Silicone, which is considered biologically inert, has been used in many different types of medical devices. After a silicone breast implant is placed, a mild reaction to the foreign body generally observed, followed by encapsulation.
Mammary silicone implants are one of the most widely used silicon-based medical devices. Since the introduction of silicone gelfilled breast implants, numerous reports suggested the association of silicone gel-filled breast implants with inflammatory and autoimmune phenomena.
In this hypothesis, even though modern silicone products are reputedly safe, reliable, and well-tolerated, inflammatory and immunological changes might be elicited by these foreign bodies.
Recent published studies in addition to our study demonstrated that quantitative and statistically significant increase in levels of antisilicone antibodies, anticardiolipin antibodies (IgG and IgM) and CRP as a result of human body reactions to these silicone implants without association of clinical symptoms and manifestations that could be observed.
In this study, according to C-reactive protein, findings consistent with systemic inflammation were present after 6 month post-operative. This elevation was not a circumstantial or random finding, as associations that were absent before operation, robustly suggested an integrated post-operative pro-inflammatory and procoagulatory response. This leading to relatively non-specific correlation was observed with silicone implant prosthesis after 6months assessment when perioperative trauma could no longer be involved. Acute phase reaction could signal ongoing immunogenicity of silicone and long-term monitoring is recommended.

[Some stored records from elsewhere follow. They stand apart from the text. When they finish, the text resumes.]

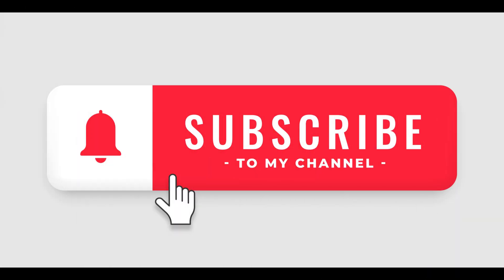If you find this video helpful, please like and subscribe for more AWS tutorials. See you next time!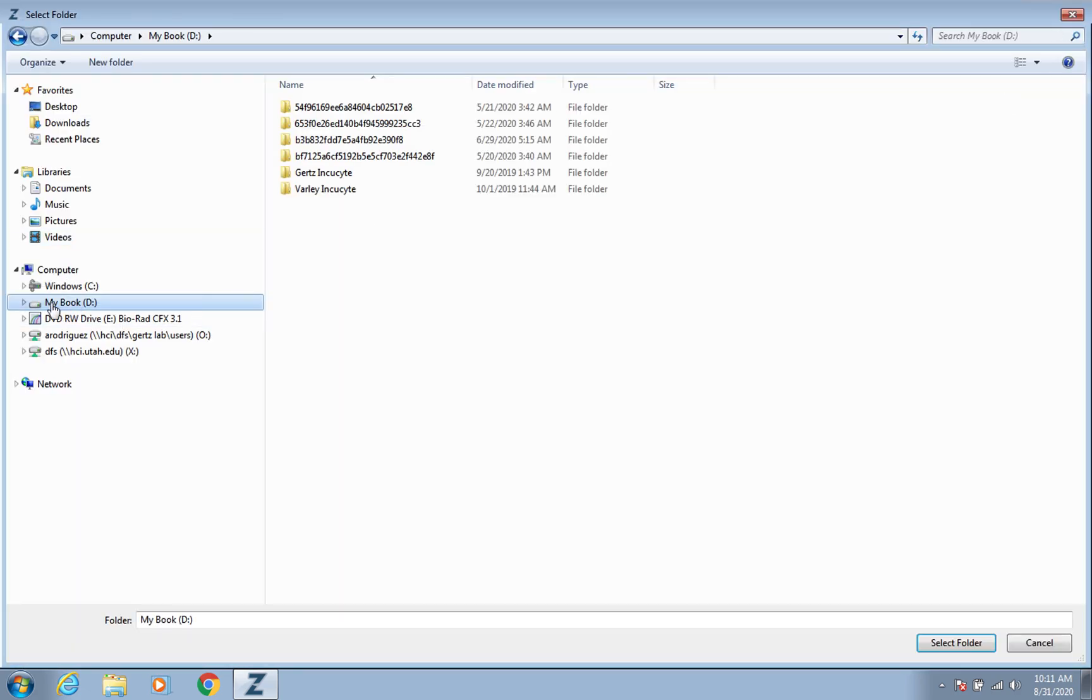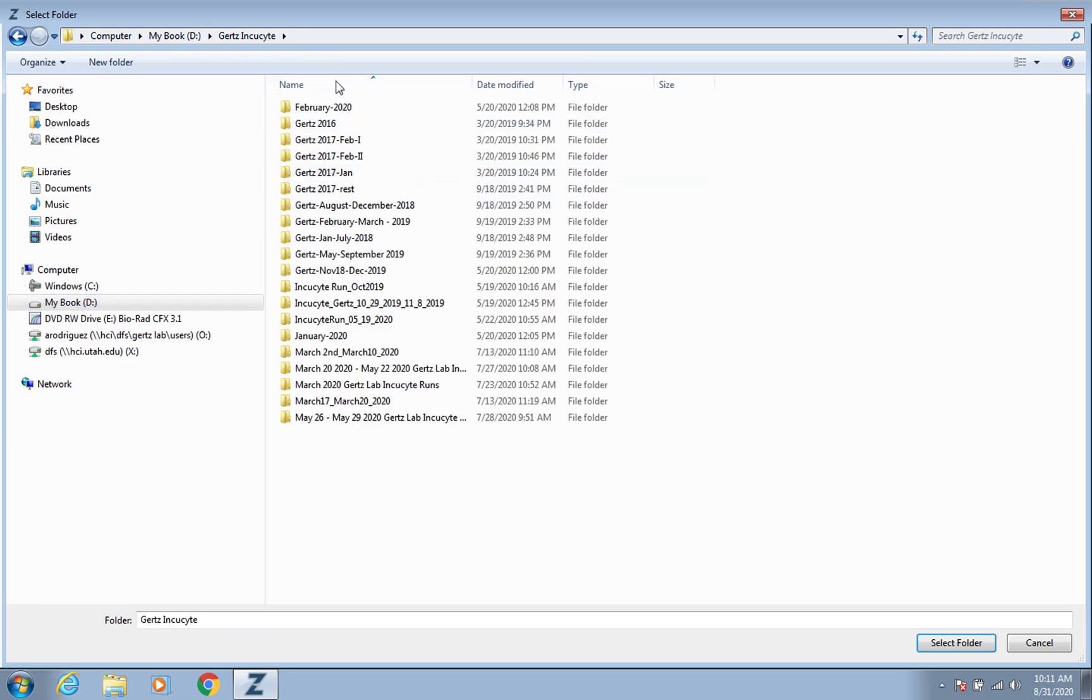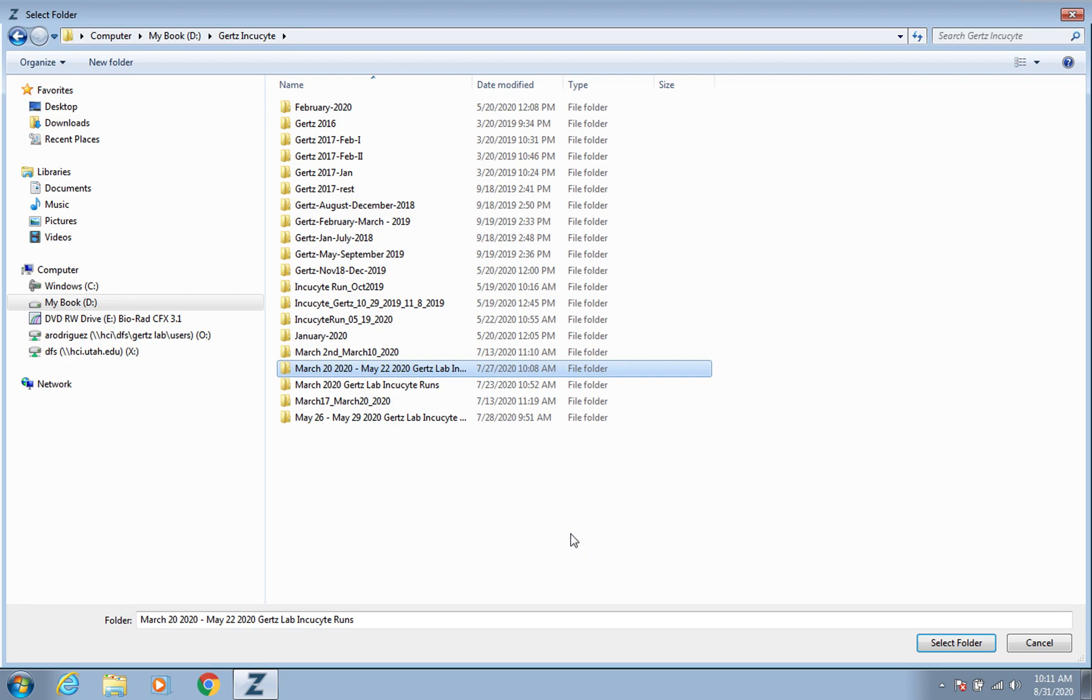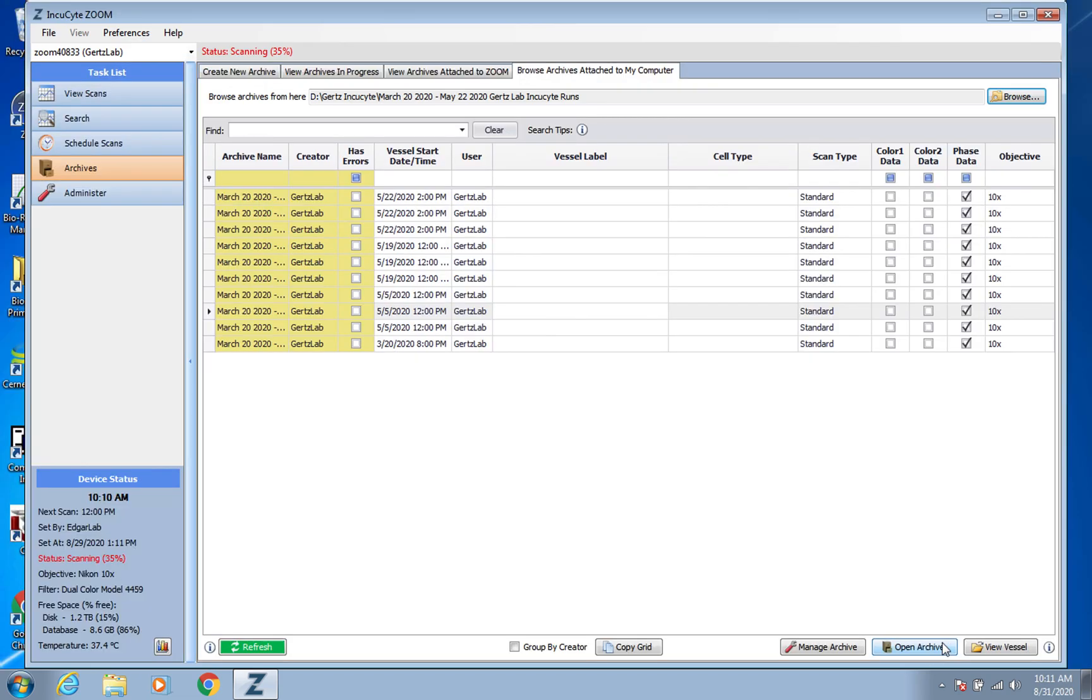You want to click our external hard drive, go into the Gertz Enki site, and now pick whichever one. Make sure you single click it, don't double click it. You want all the folders that are within this folder. So you need to just single click it and then go down and actually press select folder.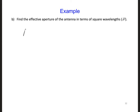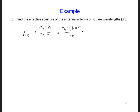The effective area, AE, is lambda squared D over 4 pi. We just need to plug in 1.64, which we just calculated for D. We can write our answer in terms of square wavelengths, so we evaluate 1.64 divided by 4 pi and get 0.13 lambda squared.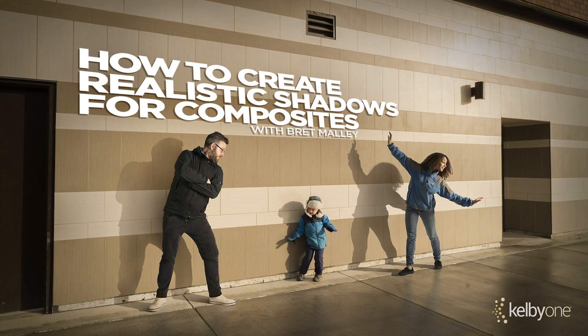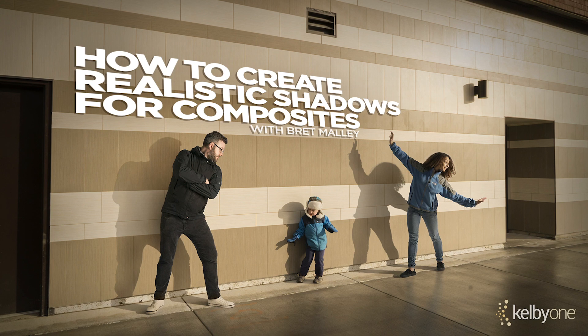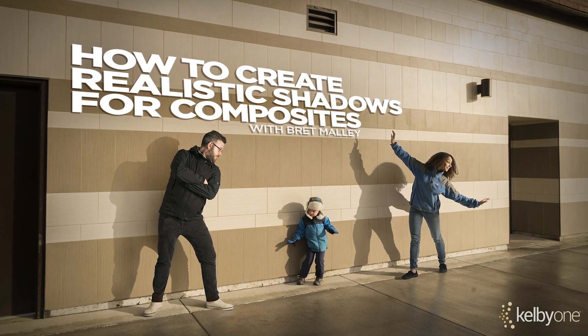For more tips and techniques on these kinds of things, check out my class on compositing shadows with Kelby One.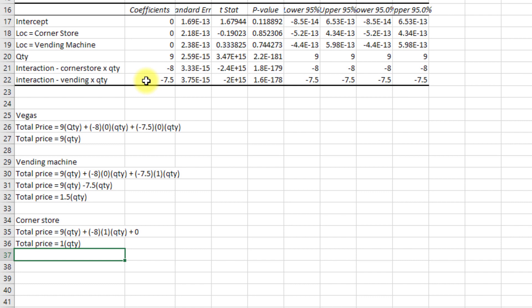So again, this is a very simple example of an interaction. But what I like about it is you get an R squared of one, I think it's fairly intuitive to see how these then explain what an interaction is actually doing. The quantity itself is certainly affecting how much we're going to have to pay. But it's the interaction between quantity and location that really then tells us how much it is we're going to have to pay specifically.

These data demonstrated a highly significant increase of antisilicone antibody levels in patients having mammary silicone implants. This can serve as a reliable indicator of systemic exposure to silicone.
The increasing levels of anti-silicone antibody and other antibodies can be useful to physicians and surgeons who wish to assess the integrity of an implant when rupture is suspected. The high specificity of the test suggests that continuous monitoring of silicone antibody levels in implanted patients on a regular schedule could be used as a screening procedure for suspected implant failure.